- _Work request_
Transcribe word for word the lines below from the line with "ตลาดอัมพวาพัทยา06-768x1024 ตลาดอัมพวา พัทยา" through the line with "COLLAR-GARGANTILLA RIZADA CELESTE", ends included.

- _Data records_
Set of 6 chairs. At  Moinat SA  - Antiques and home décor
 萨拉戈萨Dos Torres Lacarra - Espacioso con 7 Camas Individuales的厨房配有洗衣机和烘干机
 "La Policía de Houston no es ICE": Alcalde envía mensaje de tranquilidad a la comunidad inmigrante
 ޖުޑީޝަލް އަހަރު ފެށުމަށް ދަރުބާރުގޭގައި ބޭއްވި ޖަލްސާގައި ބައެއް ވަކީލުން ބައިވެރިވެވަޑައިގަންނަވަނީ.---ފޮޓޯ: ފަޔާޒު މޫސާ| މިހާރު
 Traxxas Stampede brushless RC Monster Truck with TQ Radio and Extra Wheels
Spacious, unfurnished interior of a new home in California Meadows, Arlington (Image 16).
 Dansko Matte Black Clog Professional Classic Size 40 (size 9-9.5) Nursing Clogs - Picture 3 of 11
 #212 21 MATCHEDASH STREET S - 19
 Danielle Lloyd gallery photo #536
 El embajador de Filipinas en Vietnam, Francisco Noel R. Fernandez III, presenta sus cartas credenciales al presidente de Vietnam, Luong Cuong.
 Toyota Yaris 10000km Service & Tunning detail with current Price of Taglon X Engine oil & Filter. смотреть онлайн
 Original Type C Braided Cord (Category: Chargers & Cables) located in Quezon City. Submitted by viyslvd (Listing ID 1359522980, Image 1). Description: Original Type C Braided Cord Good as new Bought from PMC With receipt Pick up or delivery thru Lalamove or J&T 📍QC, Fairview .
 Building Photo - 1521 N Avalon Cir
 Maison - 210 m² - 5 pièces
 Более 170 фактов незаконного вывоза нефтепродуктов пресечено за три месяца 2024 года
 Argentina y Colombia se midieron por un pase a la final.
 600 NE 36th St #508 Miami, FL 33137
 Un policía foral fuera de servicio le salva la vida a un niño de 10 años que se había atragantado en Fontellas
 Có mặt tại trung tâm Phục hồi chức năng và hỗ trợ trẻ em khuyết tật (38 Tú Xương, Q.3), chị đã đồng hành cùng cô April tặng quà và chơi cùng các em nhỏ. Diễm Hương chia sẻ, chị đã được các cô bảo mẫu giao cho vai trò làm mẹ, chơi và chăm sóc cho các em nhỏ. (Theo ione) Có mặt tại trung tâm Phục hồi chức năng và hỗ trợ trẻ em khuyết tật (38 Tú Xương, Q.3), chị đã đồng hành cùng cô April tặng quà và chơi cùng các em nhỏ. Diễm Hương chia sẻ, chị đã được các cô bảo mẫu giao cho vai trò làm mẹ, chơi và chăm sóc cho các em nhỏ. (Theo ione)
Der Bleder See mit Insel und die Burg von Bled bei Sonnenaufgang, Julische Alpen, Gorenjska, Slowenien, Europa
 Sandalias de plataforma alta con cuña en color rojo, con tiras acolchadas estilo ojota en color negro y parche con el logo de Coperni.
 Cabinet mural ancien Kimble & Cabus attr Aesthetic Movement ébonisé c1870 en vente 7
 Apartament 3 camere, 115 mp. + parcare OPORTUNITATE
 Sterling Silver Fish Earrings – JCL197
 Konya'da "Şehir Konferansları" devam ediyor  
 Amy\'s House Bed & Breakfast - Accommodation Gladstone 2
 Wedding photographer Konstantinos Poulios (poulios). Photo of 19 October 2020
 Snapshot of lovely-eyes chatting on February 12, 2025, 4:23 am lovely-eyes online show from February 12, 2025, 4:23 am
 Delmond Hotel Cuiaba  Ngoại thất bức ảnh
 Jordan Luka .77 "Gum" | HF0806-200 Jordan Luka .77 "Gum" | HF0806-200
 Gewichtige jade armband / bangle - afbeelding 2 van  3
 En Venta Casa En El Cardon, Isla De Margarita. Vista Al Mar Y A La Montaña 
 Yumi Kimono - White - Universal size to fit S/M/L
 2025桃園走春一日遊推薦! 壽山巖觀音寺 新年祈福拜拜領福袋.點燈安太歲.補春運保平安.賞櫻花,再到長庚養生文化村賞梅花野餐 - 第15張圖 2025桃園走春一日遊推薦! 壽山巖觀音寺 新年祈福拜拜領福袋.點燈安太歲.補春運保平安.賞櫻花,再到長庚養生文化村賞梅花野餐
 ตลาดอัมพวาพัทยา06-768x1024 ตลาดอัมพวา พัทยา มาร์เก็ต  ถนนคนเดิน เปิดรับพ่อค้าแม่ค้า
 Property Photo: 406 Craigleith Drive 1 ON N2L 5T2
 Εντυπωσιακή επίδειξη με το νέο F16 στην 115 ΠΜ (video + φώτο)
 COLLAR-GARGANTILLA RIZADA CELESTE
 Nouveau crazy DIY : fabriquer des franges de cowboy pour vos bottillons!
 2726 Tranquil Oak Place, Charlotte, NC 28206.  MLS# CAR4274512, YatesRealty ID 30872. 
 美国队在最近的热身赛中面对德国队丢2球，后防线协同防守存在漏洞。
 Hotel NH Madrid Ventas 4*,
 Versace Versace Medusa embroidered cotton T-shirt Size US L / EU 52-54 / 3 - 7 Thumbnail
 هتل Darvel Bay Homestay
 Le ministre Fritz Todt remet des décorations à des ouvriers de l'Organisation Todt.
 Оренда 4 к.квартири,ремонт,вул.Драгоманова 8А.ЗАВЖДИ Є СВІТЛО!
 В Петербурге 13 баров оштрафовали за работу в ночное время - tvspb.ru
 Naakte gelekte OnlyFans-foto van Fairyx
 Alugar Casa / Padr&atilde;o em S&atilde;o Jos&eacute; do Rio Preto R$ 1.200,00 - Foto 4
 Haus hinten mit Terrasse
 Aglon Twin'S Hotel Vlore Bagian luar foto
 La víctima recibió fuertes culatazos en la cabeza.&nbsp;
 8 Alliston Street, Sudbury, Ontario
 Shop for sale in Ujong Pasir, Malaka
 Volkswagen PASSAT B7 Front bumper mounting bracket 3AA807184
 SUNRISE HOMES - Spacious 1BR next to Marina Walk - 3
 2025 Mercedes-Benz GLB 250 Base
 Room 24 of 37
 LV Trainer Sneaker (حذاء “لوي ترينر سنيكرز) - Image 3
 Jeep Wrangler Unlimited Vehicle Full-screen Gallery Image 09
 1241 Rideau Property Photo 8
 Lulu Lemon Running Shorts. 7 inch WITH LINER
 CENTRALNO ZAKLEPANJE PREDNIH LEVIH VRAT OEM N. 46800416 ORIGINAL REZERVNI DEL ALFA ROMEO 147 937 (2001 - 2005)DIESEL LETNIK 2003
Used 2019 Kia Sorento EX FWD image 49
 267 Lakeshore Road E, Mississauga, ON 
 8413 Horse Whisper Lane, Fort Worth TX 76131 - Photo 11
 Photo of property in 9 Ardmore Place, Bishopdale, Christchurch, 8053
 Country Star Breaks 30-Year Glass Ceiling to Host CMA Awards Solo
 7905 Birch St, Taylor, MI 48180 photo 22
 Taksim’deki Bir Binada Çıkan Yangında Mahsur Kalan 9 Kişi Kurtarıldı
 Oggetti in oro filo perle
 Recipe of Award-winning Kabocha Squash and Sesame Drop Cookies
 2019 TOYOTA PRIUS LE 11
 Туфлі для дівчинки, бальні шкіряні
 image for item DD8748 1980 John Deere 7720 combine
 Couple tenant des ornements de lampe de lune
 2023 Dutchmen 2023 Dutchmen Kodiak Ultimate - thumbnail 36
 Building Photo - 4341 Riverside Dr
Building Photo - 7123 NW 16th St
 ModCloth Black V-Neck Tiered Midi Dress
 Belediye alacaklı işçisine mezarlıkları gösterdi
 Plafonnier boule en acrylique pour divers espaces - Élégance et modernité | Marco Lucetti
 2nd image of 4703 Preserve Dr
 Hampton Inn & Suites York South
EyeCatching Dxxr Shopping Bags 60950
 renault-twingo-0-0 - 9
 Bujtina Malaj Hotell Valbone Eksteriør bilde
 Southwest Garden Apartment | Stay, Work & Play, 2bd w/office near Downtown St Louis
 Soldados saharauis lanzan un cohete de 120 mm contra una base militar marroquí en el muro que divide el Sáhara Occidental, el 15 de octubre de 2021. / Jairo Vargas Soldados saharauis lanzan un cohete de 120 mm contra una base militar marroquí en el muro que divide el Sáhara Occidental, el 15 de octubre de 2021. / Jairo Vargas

- _Output below_
 ตลาดอัมพวาพัทยา06-768x1024 ตลาดอัมพวา พัทยา มาร์เก็ต  ถนนคนเดิน เปิดรับพ่อค้าแม่ค้า
 Property Photo: 406 Craigleith Drive 1 ON N2L 5T2
 Εντυπωσιακή επίδειξη με το νέο F16 στην 115 ΠΜ (video + φώτο)
 COLLAR-GARGANTILLA RIZADA CELESTE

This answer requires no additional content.